On Behalf of | May 15, 2018 | Divorce

Across the nation, one divorce takes place every 36 seconds. That translates to 2,400 divorces every day, 16,800 divorces every week, and 876,000 divorces every year. There are many reasons for divorce, ranging from adultery to irreconcilable differences. And you might be surprised to learn that there are nearly as many types of divorces as there are reasons for them. No matter the type, divorce can be incredibly complex and emotionally overwhelming, which is why you should seek divorce advice from a reputable attorney. Your divorce lawyer can also explain more about the following kinds of divorce and advise you as to which will best suit your needs and circumstances.
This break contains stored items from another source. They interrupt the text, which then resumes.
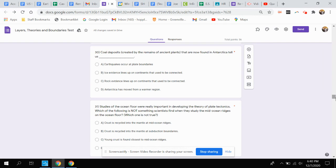A, earthquakes occur at plate boundaries. B, ice evidence lines up on continents that used to be connected. C, rock evidence lines up on continents that used to be connected. Or D, Antarctica has moved from a warmer region.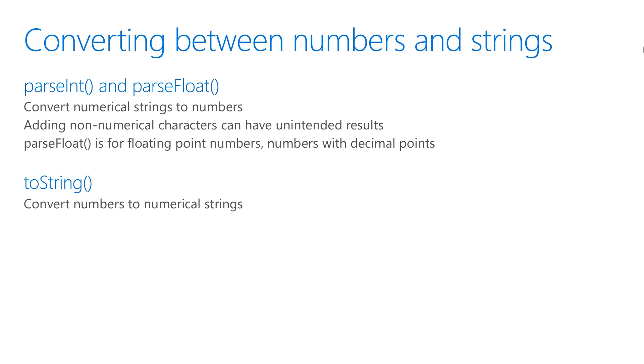If you want to convert a string to a number, use either parseInt or parseFloat. The difference between the two is that parseFloat works with decimal points, also known as floating point numbers. If you try to use non-numerical characters in a string with parseInt or parseFloat, it might have unintended results, so just be careful.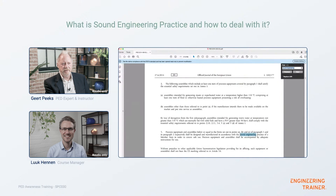What I hope to cover during this conversation is: what is sound engineering practice, how should people deal with it, and how should they interpret this for their projects? So let's start at the beginning — what is sound engineering practice, sometimes abbreviated as SEP? The sound engineering practice is actually for pressure equipment that is not considered very dangerous, so it can be put into the market with very small restrictions.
  • Uncontested: Typically, this type of divorce is the most desirable kind (if there is such a thing). It’s certainly the most straightforward, requiring both parties to agree to the divorce and its terms. Both spouses will need to file their own paperwork, but these proceedings are often quick. You may not even need to go to court for this type of divorce. However, it’s still important that you consult with a divorce attorney before agreeing to any terms to ensure your rights are protected.
  • No-Fault and Fault: It used to be that you had to prove fault when seeking a divorce, meaning that you had to show your spouse was legally to blame for the breakdown of your marriage. Justifiable reasons for fault divorce can include cruelty, abuse, abandonment, and adultery. But today, proving fault is not required. All 50 states have made it so proving fault is no longer mandatory, though some still offer it as an option. No-fault divorces have become the standard, allowing couples to cite irreconcilable differences or an irremediable breakdown of the relationship, rather than placing blame.
  • Default: This type of divorce can occur when one spouse files and the other does not respond to the filing. Typically, this happens when the spouse purposely disappears and doesn’t want to be found. It’s essentially divorce in absentia. Even though the spouse does not participate in any court proceedings, a divorce may still be granted in these cases. They are, however, pretty rare (especially in the digital age, when people are easier to track down).
  • Summary or Simplified: This is a particular type of uncontested divorce that may be available to couples who have not been married for a substantial length of time and who have no children or substantial assets to speak of. As the name suggests, it’s a more simplified process that requires very little paperwork. While it is possible to file for a summary divorce without help from an attorney, it’s still a good idea to consult one – particularly if you have questions about assets or debts and how they’ll affect your ability to file.
  • Collaborative: There are a few different alternatives to pursuing divorce in a court of law, including arbitration and mediation. Collaborative divorce is another way of resolving conflict in a divorce without having to go to court. It’s similar to the other types we just mentioned, but there is no neutral third party that helps the couple to communicate and ultimately decides the outcome. Instead, each spouse has their own attorney who focuses on collaborative law. Each party will sign an agreement that says they’ll work together to resolve their differences and make final decisions about the terms of their divorce. If this does not occur, both lawyers withdraw from the case and the couple has to start the entire process over from scratch. For that reason, collaborative divorce can help fighting couples see the need to work together and put the past behind them.

As you can see, not every type of divorce will be an appropriate choice for your specific situation. If you are considering filing for divorce, be sure to consult with an experienced attorney who can answer your questions, advise you on your next steps, and protect your rights.